Quantcast

Dream Dies for Edison

Allan Thomas languished in the paint bent over, weeping uncontrollably. The spot on the floor the junior point guard chose to let out his emotions was quite appropriate - with the game on the line, he couldn’t get the ball to that area with the dribble-drive or pass.
Neither could any of his teammates.
Leading by nine after three quarters, No. 2 Edison collapsed against top-seeded Transit Tech’s tenacious press, and, in turn, dropped the PSAL Class A championship game at Hunter College, 52-46, Saturday afternoon.
“We just feel like we lost everything,” Thomas said.
“Allan took it real hard,” senior center Devin Brown added. “It really hurt him. It hurt me, too. My last year, I really wanted this - bad.”
Brown led Edison (27-7) with 15 points, Thomas had 12 and Stephon Hodges nine. Al Alexander, the game’s MVP, scored 15 for Transit Tech and Garfield Burchette chipped in with 14.
The Engineers - who won their first Queens title in February, knocking off perennial borough powers Campus Magnet and Cardozo in impressive fashion - were considered the favorite in the ‘A’ division to make it to Glens Falls, N.Y. for the state championship. They rallied from a 15-point hole in the semifinals to get a crack at their first city title. And with Brown controlling the paint, they looked well on their way to making school history.
After a sloppy first half, Coach John Ulmer Jr. directed them to slow it down. The move worked, enabling Edison to build a comfortable working margin. Only they couldn’t handle The Express’s pressure on-the-ball defense once they ratcheted up the intensity.

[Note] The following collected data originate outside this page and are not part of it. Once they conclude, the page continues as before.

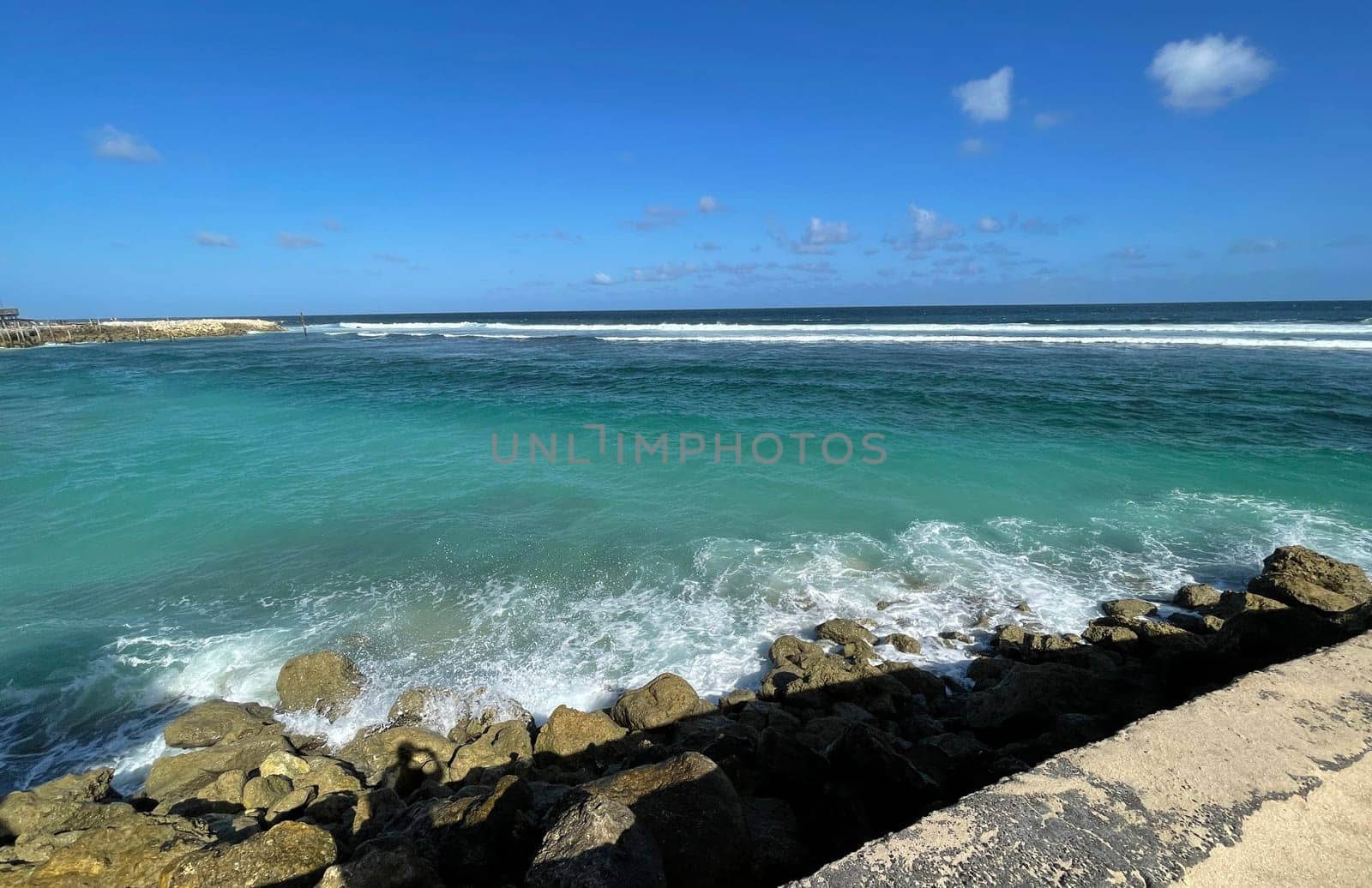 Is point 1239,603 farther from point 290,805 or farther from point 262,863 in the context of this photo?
point 290,805

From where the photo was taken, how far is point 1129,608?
8000 mm

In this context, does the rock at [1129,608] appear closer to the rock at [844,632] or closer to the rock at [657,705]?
the rock at [844,632]

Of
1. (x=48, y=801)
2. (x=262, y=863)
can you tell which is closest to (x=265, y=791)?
(x=48, y=801)

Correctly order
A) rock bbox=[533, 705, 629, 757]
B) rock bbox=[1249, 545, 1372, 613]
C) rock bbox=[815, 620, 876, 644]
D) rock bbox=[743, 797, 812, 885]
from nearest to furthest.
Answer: rock bbox=[743, 797, 812, 885] → rock bbox=[533, 705, 629, 757] → rock bbox=[1249, 545, 1372, 613] → rock bbox=[815, 620, 876, 644]

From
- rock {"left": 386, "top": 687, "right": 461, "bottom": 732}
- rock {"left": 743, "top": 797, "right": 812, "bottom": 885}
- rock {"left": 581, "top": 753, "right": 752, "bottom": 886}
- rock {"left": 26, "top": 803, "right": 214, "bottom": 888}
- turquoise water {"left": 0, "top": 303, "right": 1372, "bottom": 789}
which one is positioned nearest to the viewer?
rock {"left": 581, "top": 753, "right": 752, "bottom": 886}

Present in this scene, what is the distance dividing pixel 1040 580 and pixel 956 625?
2095 mm

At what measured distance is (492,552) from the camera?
1022cm

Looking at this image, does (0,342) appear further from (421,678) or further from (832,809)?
(832,809)

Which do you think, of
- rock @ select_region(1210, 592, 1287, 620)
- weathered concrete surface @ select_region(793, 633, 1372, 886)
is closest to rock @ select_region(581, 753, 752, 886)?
weathered concrete surface @ select_region(793, 633, 1372, 886)

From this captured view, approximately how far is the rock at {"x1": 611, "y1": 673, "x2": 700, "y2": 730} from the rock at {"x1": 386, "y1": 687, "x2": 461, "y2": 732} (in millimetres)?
1974

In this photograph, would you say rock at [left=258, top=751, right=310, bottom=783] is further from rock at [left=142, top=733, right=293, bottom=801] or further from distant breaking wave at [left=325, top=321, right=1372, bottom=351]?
distant breaking wave at [left=325, top=321, right=1372, bottom=351]

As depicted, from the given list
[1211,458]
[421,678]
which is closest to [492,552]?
[421,678]

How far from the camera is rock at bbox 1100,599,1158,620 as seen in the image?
7.91 metres

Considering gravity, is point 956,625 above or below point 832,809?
below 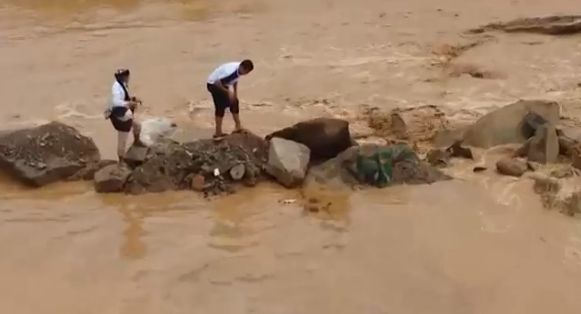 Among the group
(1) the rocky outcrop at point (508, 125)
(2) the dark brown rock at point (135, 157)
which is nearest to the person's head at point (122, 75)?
(2) the dark brown rock at point (135, 157)

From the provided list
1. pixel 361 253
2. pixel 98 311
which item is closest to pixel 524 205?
pixel 361 253

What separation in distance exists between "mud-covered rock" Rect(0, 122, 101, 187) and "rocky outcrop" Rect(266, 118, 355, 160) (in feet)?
7.43

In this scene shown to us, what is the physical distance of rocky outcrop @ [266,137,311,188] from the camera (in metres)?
8.34

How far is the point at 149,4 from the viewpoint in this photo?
17.2 m

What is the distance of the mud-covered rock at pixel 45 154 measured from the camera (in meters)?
8.62

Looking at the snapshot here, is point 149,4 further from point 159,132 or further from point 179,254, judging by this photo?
point 179,254

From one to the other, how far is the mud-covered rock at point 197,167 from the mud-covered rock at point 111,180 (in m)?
0.07

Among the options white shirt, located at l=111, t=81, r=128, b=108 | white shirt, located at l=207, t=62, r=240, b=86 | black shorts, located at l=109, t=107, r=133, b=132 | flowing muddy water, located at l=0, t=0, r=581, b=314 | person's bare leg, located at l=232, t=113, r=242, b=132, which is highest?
white shirt, located at l=207, t=62, r=240, b=86

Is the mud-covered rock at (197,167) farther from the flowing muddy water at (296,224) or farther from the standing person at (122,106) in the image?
the standing person at (122,106)

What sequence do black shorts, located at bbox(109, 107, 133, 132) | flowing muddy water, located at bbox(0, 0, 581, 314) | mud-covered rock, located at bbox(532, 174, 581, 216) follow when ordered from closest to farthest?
flowing muddy water, located at bbox(0, 0, 581, 314) < mud-covered rock, located at bbox(532, 174, 581, 216) < black shorts, located at bbox(109, 107, 133, 132)

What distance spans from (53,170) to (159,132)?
4.53 ft

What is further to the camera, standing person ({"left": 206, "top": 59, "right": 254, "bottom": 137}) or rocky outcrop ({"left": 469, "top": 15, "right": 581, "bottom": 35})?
rocky outcrop ({"left": 469, "top": 15, "right": 581, "bottom": 35})

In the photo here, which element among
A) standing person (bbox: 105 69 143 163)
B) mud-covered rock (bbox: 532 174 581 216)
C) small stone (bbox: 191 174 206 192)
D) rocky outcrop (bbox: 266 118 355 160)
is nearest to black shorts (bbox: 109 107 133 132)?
standing person (bbox: 105 69 143 163)

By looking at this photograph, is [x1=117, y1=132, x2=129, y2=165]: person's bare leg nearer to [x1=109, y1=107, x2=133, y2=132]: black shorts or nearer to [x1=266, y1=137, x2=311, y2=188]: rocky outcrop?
[x1=109, y1=107, x2=133, y2=132]: black shorts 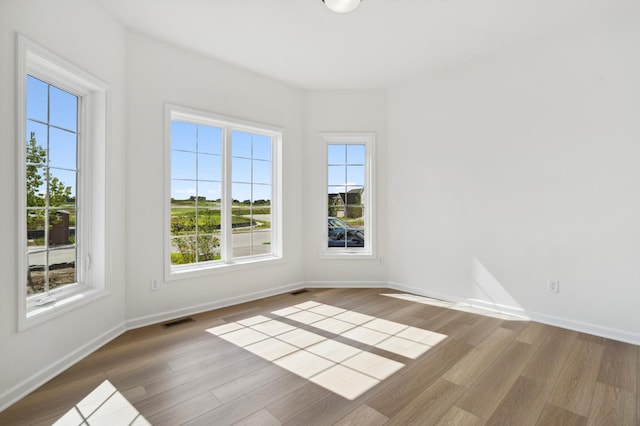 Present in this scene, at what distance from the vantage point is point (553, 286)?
3256mm

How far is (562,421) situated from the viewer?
1.82 meters

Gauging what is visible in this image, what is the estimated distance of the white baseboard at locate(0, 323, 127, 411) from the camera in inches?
77.0

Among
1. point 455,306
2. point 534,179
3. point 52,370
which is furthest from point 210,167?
point 534,179

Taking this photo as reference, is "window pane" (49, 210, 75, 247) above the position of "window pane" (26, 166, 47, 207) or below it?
below

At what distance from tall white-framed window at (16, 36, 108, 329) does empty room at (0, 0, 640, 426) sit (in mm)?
18

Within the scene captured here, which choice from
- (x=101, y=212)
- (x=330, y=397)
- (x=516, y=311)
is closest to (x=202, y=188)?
(x=101, y=212)

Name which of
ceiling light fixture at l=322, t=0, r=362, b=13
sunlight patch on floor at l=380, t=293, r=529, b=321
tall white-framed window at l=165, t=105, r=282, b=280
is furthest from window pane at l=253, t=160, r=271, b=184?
sunlight patch on floor at l=380, t=293, r=529, b=321

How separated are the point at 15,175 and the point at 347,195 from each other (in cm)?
363

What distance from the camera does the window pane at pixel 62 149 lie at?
249 centimetres

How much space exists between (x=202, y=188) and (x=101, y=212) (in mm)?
1131

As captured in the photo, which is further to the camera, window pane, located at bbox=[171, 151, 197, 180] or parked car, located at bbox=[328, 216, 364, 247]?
parked car, located at bbox=[328, 216, 364, 247]

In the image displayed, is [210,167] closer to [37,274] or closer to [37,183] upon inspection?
[37,183]

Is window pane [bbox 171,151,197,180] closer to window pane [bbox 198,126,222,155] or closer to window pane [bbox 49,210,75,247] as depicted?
window pane [bbox 198,126,222,155]

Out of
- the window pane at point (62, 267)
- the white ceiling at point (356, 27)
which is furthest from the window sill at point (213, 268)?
the white ceiling at point (356, 27) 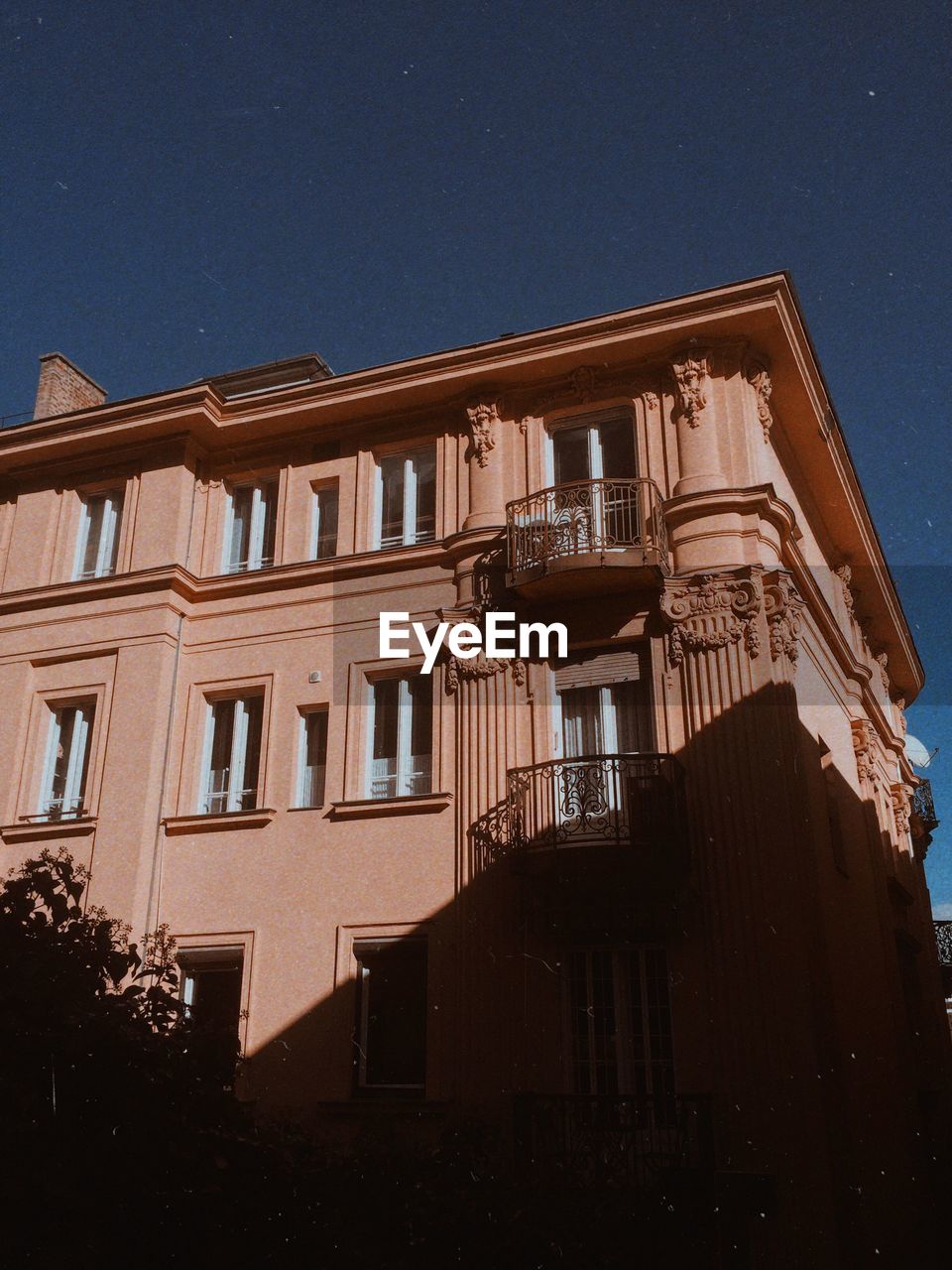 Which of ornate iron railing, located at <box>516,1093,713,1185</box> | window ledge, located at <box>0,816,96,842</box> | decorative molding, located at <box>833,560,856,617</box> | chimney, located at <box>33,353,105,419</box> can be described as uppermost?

When Edison managed to break the press, they had trouble getting into their offense, taking ill-advised jumpers and turning the ball over. “It rattled us a little bit,” said Ulmer Jr. of the Brooklyn school’s stifling press. “There were a couple of times we called a play and it didn’t look like we were running it. We were panicking.”
A 14-5 Transit Tech (28-3) run to start the fateful final stanza put Edison behind for the first time since the opening half with 4:08 remaining. Thomas’s first basket of the second half, a follow of a Brown miss, only prolonged the inevitable. The Pioneers wouldn’t score again, save for a Thomas jumper in the waning seconds.
“I guess we were tired,” Brown said. “We couldn’t pull out the energy we needed.”
Transit Tech poured in the next eight points, with Burchette getting to the rim for a pair of baskets. Edison, meanwhile, turned the ball over twice, Brown had a defensive rebound ripped away and Thomas was whistled for a charge.
“They stepped up big time,” Ulmer Jr. said. “I got to take my hat off to Transit Tech.”
Shockingly, it was the usually reliable backcourt of Thomas and Hodges that failed to make plays in crunch time. The duo was eaten alive by The Express’s guards, beaten for penetration and unable to get in the lane.
“We didn’t do anything special,” Burchette said. “We just played hard defense. After we forced turnovers, he (Thomas) starting rushing the ball, committing more turnovers.”
The stifling defense got to Thomas, who after scoring six early points, managed just two until midway through the final quarter. The star of the borough playoffs never showed up in his biggest test yet. “I could’ve done more,” he admitted. “But I couldn’t do everything. I’m not Superman.”
Asked about next year’s prospects, he rattled off the names of his talented returning teammates. He seemed ready for next winter even before the arrival of spring. “We should be pretty good this year,” he said.
Thomas was referring to next season, but with the way this one ended up, who could blame him for looking ahead.